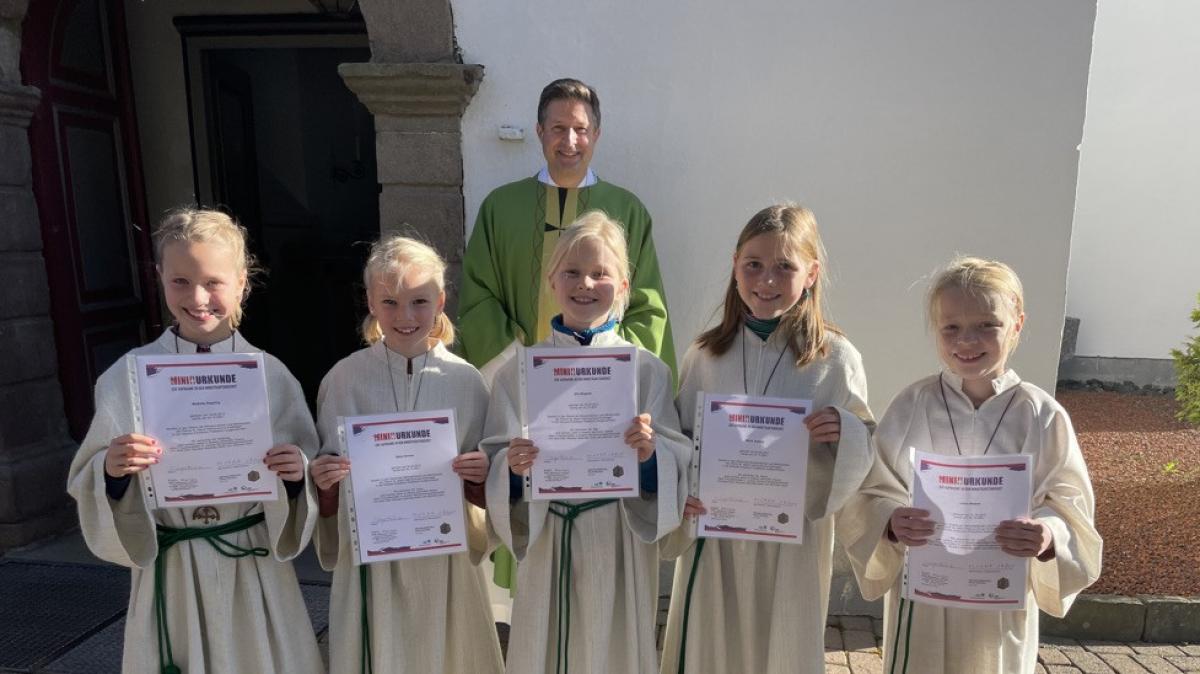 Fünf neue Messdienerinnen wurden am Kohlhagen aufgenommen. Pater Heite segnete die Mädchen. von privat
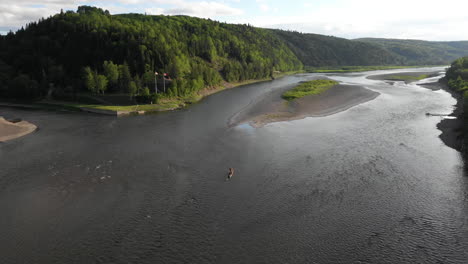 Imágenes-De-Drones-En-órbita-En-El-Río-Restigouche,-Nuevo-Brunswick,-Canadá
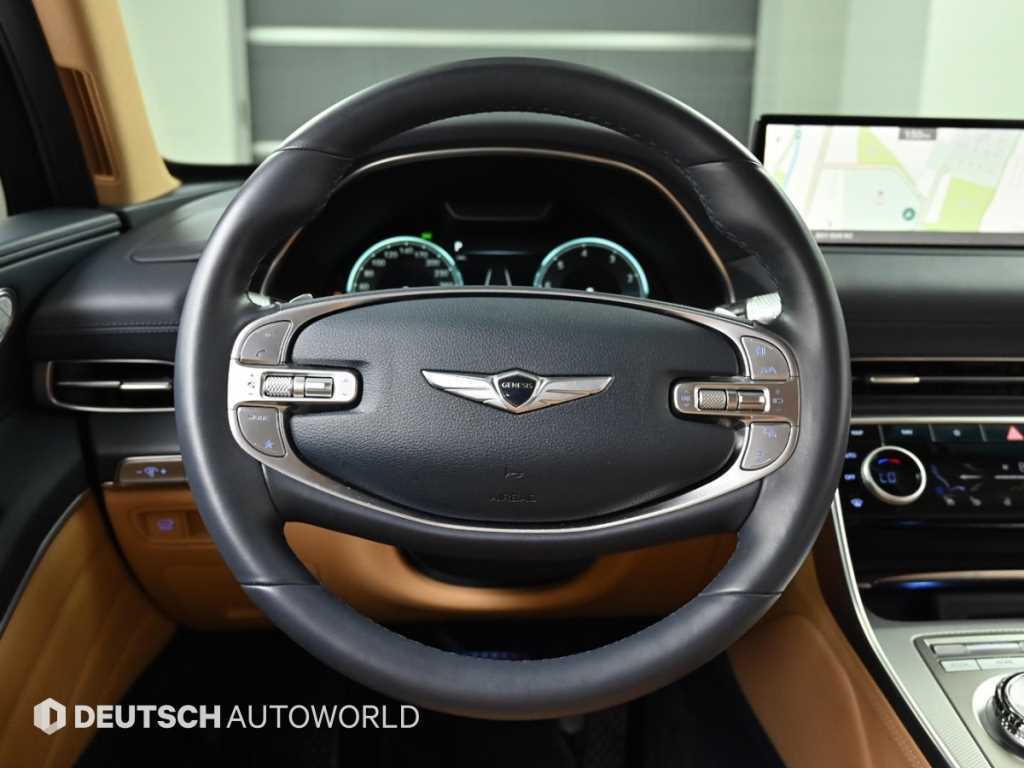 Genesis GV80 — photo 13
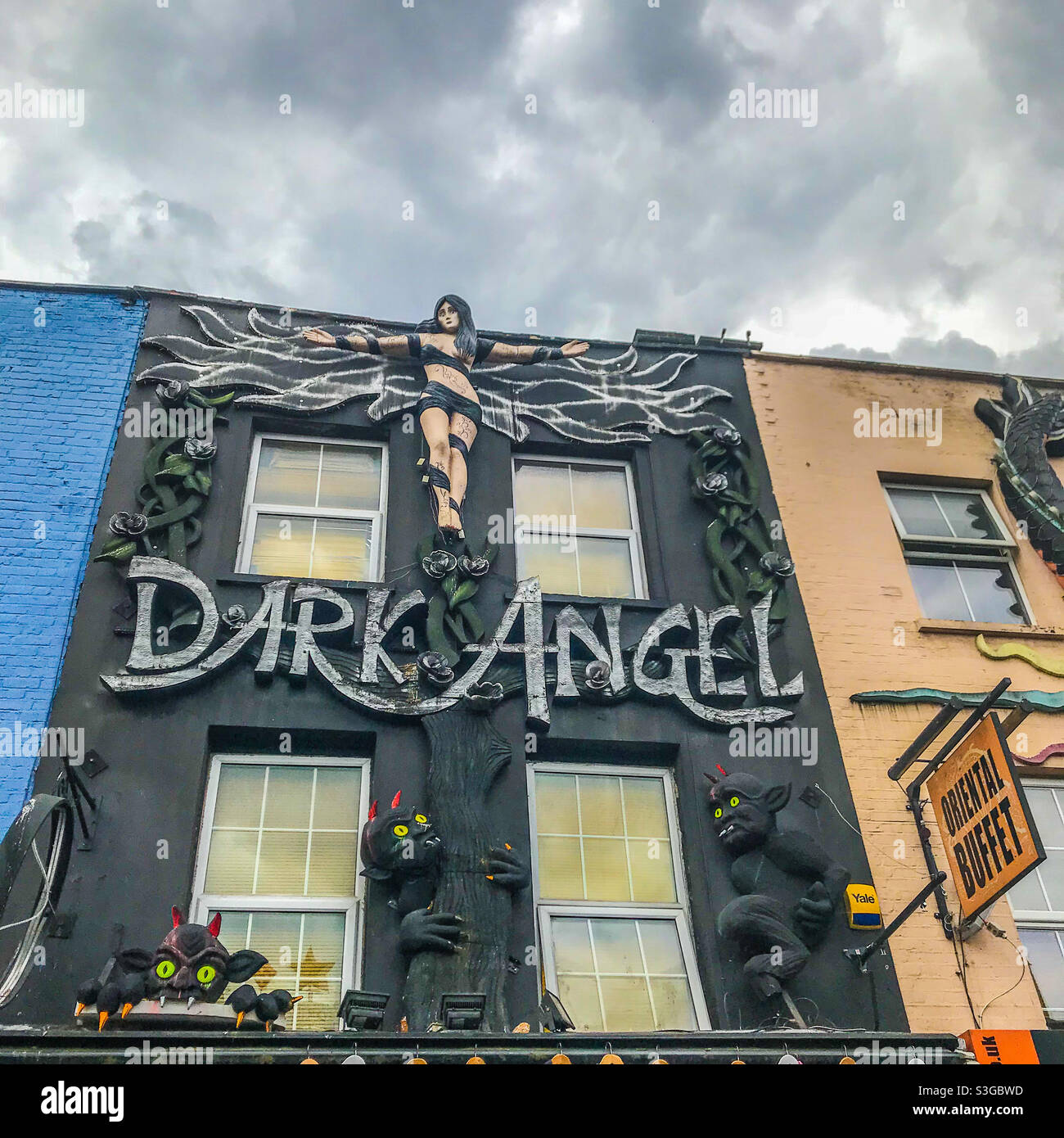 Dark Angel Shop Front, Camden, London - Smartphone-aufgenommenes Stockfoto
┄┄┄┄┄┄┄┄┄┄┄┄┄┄┄┄┄┄┄┄
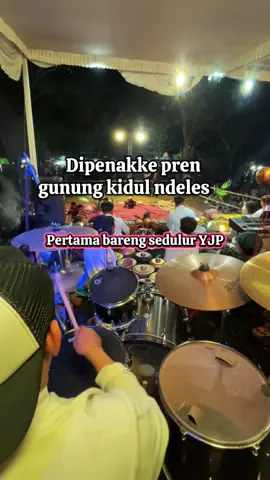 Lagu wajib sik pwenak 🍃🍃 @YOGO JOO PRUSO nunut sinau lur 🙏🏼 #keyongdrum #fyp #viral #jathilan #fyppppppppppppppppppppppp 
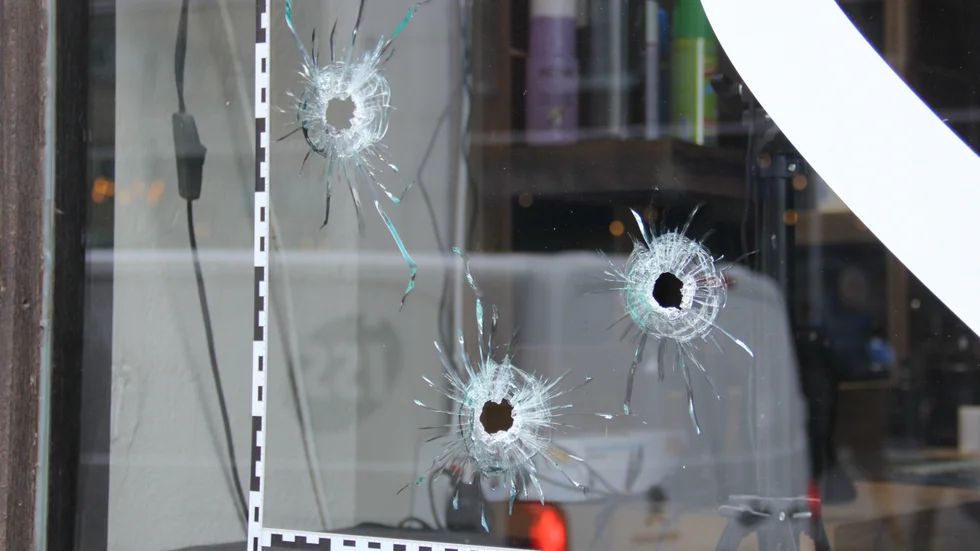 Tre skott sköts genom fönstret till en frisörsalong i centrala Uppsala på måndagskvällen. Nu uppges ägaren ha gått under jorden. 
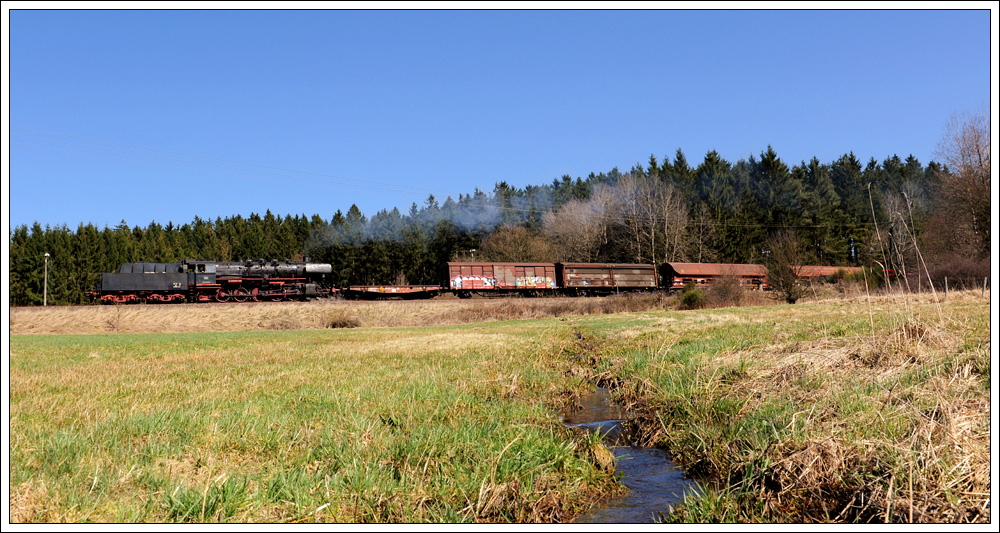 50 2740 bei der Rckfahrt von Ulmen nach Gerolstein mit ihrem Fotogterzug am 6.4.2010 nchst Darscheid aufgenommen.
┄┄┄┄┄┄┄┄┄┄┄┄┄┄┄┄┄┄┄┄
What this task involves: The answer is those lines of the material above that run from the one containing "Fünf neue Messdienerinnen" up to and including the one containing "Dark Angel Shop", restated exactly and without images.

Exercise answer:
 Fünf neue Messdienerinnen wurden am Kohlhagen aufgenommen. Pater Heite segnete die Mädchen. von privat
 Imágenes-De-Drones-En-órbita-En-El-Río-Restigouche,-Nuevo-Brunswick,-Canadá
 Genesis GV80 — photo 13
 Dark Angel Shop Front, Camden, London - Smartphone-aufgenommenes Stockfoto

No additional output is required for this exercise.